Provided information:
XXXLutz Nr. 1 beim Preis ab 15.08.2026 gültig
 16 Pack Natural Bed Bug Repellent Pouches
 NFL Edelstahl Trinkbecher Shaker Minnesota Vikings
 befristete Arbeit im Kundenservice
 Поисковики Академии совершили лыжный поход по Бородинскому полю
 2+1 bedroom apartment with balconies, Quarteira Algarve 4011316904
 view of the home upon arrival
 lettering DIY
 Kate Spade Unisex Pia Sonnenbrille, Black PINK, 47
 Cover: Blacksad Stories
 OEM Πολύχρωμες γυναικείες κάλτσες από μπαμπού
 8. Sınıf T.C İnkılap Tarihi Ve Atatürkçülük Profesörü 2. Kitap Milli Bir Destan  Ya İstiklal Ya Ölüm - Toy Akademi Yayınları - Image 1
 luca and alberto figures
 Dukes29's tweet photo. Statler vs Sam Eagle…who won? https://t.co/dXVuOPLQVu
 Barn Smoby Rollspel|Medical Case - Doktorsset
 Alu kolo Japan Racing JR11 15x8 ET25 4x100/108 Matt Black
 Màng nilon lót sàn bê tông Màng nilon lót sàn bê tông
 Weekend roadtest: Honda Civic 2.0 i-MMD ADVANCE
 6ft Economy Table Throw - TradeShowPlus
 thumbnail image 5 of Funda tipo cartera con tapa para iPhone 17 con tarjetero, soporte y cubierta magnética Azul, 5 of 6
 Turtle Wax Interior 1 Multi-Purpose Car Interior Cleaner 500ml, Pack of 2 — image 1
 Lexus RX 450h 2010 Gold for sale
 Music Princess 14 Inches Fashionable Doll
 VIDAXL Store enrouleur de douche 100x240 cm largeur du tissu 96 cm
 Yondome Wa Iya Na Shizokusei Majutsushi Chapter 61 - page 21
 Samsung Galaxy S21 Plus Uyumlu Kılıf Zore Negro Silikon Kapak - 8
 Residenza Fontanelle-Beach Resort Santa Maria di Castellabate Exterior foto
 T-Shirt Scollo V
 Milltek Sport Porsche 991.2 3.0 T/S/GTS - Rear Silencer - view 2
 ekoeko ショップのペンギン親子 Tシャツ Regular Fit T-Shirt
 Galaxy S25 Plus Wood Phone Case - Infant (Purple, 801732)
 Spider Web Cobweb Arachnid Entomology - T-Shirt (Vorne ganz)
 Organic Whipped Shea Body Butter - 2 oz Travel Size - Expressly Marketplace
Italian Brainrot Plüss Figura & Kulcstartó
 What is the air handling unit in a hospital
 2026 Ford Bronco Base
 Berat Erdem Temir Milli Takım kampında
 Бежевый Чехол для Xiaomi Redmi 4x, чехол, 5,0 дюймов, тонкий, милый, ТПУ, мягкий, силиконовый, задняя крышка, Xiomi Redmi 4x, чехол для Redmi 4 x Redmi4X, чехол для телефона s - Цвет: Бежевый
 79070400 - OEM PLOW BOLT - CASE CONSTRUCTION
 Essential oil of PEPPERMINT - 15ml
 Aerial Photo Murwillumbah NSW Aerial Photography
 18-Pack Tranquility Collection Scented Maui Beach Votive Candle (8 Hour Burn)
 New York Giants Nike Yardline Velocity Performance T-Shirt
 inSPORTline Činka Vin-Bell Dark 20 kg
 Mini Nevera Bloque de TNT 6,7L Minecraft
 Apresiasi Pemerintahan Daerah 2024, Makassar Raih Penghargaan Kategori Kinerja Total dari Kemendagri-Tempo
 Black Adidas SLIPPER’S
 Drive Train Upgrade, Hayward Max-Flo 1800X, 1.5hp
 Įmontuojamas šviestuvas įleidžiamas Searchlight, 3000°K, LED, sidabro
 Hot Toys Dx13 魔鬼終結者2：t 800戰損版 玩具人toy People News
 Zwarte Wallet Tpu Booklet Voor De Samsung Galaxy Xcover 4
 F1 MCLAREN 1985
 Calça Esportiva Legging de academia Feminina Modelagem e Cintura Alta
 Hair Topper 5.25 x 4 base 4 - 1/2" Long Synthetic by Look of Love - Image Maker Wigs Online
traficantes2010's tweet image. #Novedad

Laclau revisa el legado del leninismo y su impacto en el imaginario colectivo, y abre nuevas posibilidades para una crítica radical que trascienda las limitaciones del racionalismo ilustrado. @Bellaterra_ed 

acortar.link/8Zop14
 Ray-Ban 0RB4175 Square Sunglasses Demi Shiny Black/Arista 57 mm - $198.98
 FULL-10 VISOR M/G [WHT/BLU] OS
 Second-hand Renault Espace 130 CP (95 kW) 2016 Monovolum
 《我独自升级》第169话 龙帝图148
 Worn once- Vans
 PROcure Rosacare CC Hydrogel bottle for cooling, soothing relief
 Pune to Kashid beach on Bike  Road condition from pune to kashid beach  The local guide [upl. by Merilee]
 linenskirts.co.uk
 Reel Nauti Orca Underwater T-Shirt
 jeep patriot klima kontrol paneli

What to produce: From the line that contains "Drive Train Upgrade, Hayward" down to the last line of the listing above, repeat each line exactly, and include nothing else.

Task response:
 Drive Train Upgrade, Hayward Max-Flo 1800X, 1.5hp
 Įmontuojamas šviestuvas įleidžiamas Searchlight, 3000°K, LED, sidabro
 Hot Toys Dx13 魔鬼終結者2：t 800戰損版 玩具人toy People News
 Zwarte Wallet Tpu Booklet Voor De Samsung Galaxy Xcover 4
 F1 MCLAREN 1985
 Calça Esportiva Legging de academia Feminina Modelagem e Cintura Alta
 Hair Topper 5.25 x 4 base 4 - 1/2" Long Synthetic by Look of Love - Image Maker Wigs Online
traficantes2010's tweet image. #Novedad

Laclau revisa el legado del leninismo y su impacto en el imaginario colectivo, y abre nuevas posibilidades para una crítica radical que trascienda las limitaciones del racionalismo ilustrado. @Bellaterra_ed 

acortar.link/8Zop14
 Ray-Ban 0RB4175 Square Sunglasses Demi Shiny Black/Arista 57 mm - $198.98
 FULL-10 VISOR M/G [WHT/BLU] OS
 Second-hand Renault Espace 130 CP (95 kW) 2016 Monovolum
 《我独自升级》第169话 龙帝图148
 Worn once- Vans
 PROcure Rosacare CC Hydrogel bottle for cooling, soothing relief
 Pune to Kashid beach on Bike  Road condition from pune to kashid beach  The local guide [upl. by Merilee]
 linenskirts.co.uk
 Reel Nauti Orca Underwater T-Shirt
 jeep patriot klima kontrol paneli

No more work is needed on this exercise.